[EXERCISE BRIEF]
Once the line containing "Decadent Chocolate Mousse" is reached, copy it and every line after it exactly, to the end of the material, without pictures.

[SUPPLIED DATA]
****************
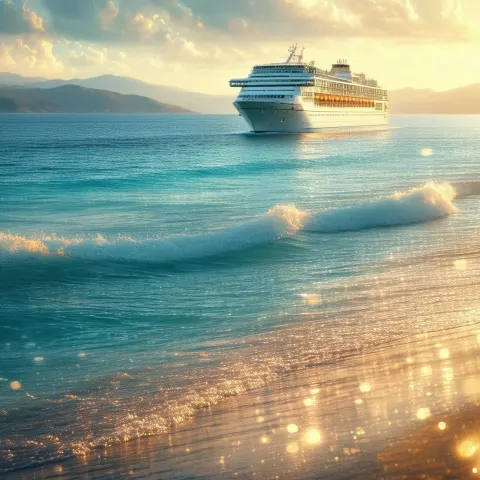 Majestic Cruise Ship Passing Serene Beach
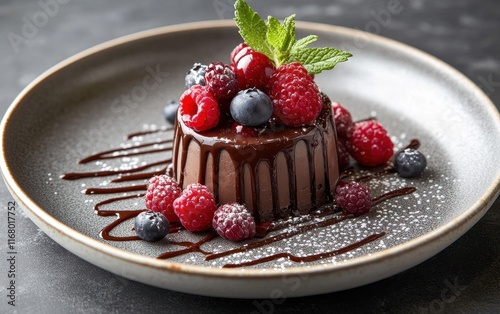 Decadent Chocolate Mousse Dessert with Fresh Berries: A Culinary Delight photo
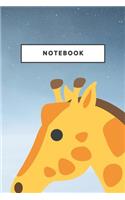 Notebook: Giraffe And Stars Notebooks And Journal Soft Cover Lined Animal Pet Composition Book For Boys And Girls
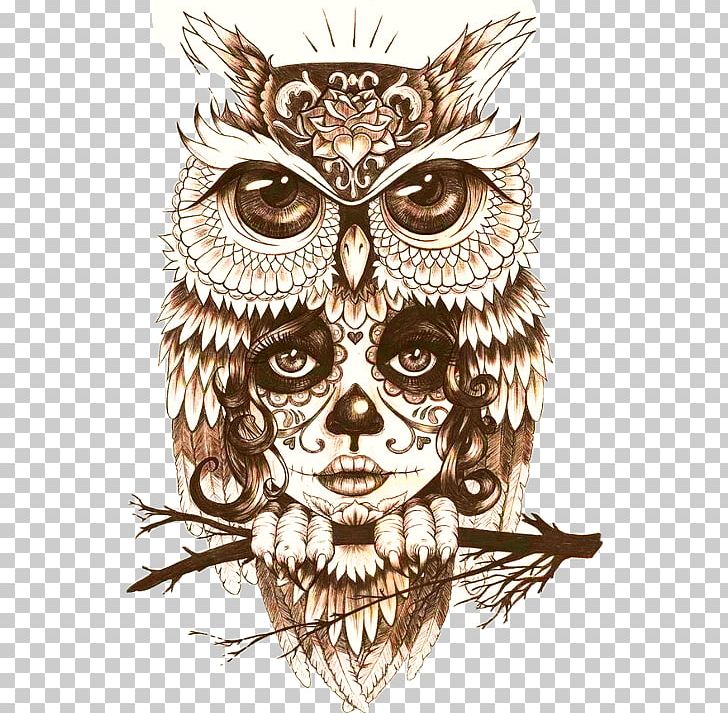 Owl Tattoo Drawing Body Art PNG, Clipart, Art, Bird, Bird Of Prey, Body Art, Bone Free PNG Download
****************
[COMPLETED TASK]
 Decadent Chocolate Mousse Dessert with Fresh Berries: A Culinary Delight photo
 Notebook: Giraffe And Stars Notebooks And Journal Soft Cover Lined Animal Pet Composition Book For Boys And Girls
 Owl Tattoo Drawing Body Art PNG, Clipart, Art, Bird, Bird Of Prey, Body Art, Bone Free PNG Download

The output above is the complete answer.